§ Assigned task:
From the entries that follow, work out how many lines contain "photo". Write the number only.

__________________________________________________

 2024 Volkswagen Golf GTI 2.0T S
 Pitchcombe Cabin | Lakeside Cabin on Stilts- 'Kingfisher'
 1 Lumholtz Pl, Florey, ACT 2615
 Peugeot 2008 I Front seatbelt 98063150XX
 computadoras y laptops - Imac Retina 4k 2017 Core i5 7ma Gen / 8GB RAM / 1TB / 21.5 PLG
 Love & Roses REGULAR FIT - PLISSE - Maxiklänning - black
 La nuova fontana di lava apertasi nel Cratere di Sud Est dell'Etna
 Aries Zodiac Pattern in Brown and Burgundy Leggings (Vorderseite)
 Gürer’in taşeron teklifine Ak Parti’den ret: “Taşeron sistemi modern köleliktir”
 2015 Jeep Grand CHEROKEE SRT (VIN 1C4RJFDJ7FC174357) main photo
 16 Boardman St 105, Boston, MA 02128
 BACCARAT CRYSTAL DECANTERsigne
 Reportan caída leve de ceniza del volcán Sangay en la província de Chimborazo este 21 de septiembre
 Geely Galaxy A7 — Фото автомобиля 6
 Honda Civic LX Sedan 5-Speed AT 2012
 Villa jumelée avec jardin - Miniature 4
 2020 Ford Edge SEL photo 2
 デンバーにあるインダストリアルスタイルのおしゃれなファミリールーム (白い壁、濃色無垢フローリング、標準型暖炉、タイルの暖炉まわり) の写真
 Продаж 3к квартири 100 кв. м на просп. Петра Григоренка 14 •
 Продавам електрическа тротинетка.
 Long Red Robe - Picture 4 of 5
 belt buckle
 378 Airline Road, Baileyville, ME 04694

__________________________________________________

§ Output:
2